Now and then: The residence at 515 Carpenter Ave. is featured in a photo from 1903 by Oak Park photographer and historian Philander Barclay. The building, though slightly modified, still stands there today. | Photos provided by the Illinois Digital Archive and Google Maps.

Madison Street was unrecognizable more than a century ago when local photographer and historian Philander Barclay snapped a picture of the lonely roadway that was largely surrounded by empty fields.

The photo features the long-forgotten electric trolley – taken down in the 1960s – that carried passengers from the western suburbs to downtown Chicago and a handful of barely visible residences in the distance.

What does stand out is a two-story house at 515 Carpenter Ave., which some might be surprised to learn stands there to this day – now just south of Town & Country Import Cars Inc., at 845 Madison St.

The Historical Society of Oak Park-River Forest notes that Barclay, the son of a Marion Street drugstore owner, started taking photographs of the Oak Park area just a year before the Madison Street photo was taken.

By the time of Barclay’s death on July 7, 1940, his photo collection — some of which were not taken by Barclay but collected by the Oak Park bicycle repairman – had grown to more than 1,000.

Barclay’s photo of Madison was made public in digital form earlier this year through the Illinois Digital Archive, which includes nearly 350 digital images of papers, photographs and other material related to Oak Park’s most famous native son, Ernest Hemingway.
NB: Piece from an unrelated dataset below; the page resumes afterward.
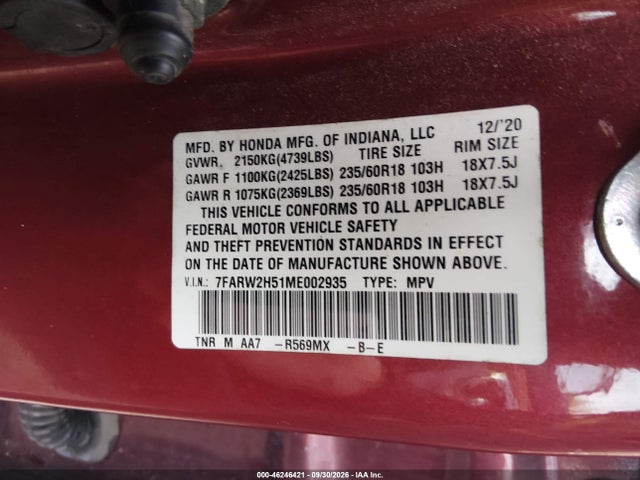 2021 HONDA CR-V AWD EX 9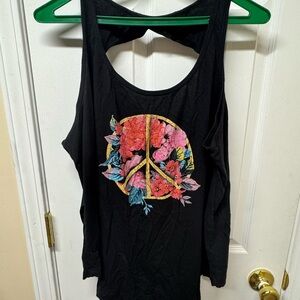Torrid Black Tank Top with Floral Peace Design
Now the Oak Park Public Library, which received an $86,900 grant from Secretary of State and State Librarian Jesse White to create the digital archive, says it’s expanding through a second — albeit smaller — grant from the state.

The $2,900 grant will allow the library “to make available for the first time inventories of select collections and expand access to digital objects that give insight into Oak Park’s history from as early as the Civil War,” said OPPL spokeswoman Kristen Romanowski.

In an email, she noted that possible items for the expanded archive include: glass-plate negatives taken by Barclay around the turn of the century; war sketches and photographs of Oak Parkers who served in the Civil War, including Hemingway’s grandfathers; and photographs of architectural work by Frank Lloyd Wright, from OPPL’s Gilman Lane Photograph Collection.

The library notes on its website that the $2,900 matching grant comes from the Illinois State Historical Records Advisory Board.

“We are using our matching funds to create easily searchable inventories as well as to make digital items available online,” posted OPPL archivist Emily Reiher on the library’s website.

Items from OPPL’s Special Collections that will be included in the digital archive come from: the Local Authors Correspondence Collection; the Philander Barclay Photograph Collection; the Grand Army of the Republic volumes; and the Gilman Lane Photograph Collection.

Items from the Frank Laurence Collection, which is part of the Ernest Hemingway Foundation of Oak Park Collection and is housed at OPPL, also will be included in the expanded digital archive.

“In a matter of weeks, we’ve already had two major researchers make requests to use materials displayed in the Illinois Digital Archives for book-length publications,” Reiher said on OPPL’s website. “We’re thrilled about the depth and reach of that exposure and want to continue to reach new audiences.”